The program calculates the occupancy of a simple kernel by determining how many active blocks can run per multiprocessor (SM). This information helps developers optimize their kernel configurations for better performance.
Occupancy is the ratio of active warps to the maximum number of warps supported on a multiprocessor. Higher occupancy doesn't always guarantee better performance, but it provides more opportunities to hide latency through context switching.

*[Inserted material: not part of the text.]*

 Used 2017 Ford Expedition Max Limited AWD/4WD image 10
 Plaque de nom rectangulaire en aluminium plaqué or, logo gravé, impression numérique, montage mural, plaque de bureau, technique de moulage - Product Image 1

The kernel performs simple element-wise multiplication:
__global__ void MyKernel(int* d, int* a, int* b)
{
int idx = threadIdx.x + blockIdx.x * blockDim.x;
d[idx] = a[idx] * b[idx];
}The host code uses cudaOccupancyMaxActiveBlocksPerMultiprocessor() to determine:
- Maximum number of active blocks per SM for a given block size
- Resulting occupancy as a percentage of maximum possible warps
- Block Size: Number of threads per block (64 in this example)
- Active Blocks: Maximum blocks that can execute simultaneously on one SM
- Active Warps: Number of warps that can be active (numBlocks × blockSize / warpSize)
- Occupancy: Percentage of maximum warps that are active
Occupancy: 100%
This indicates the kernel configuration achieves maximum theoretical occupancy on the device.
Compile and run to see the occupancy percentage for your GPU:
nvcc kernel.cu -o occupancy
./occupancyThe program will display the occupancy percentage based on your GPU's capabilities.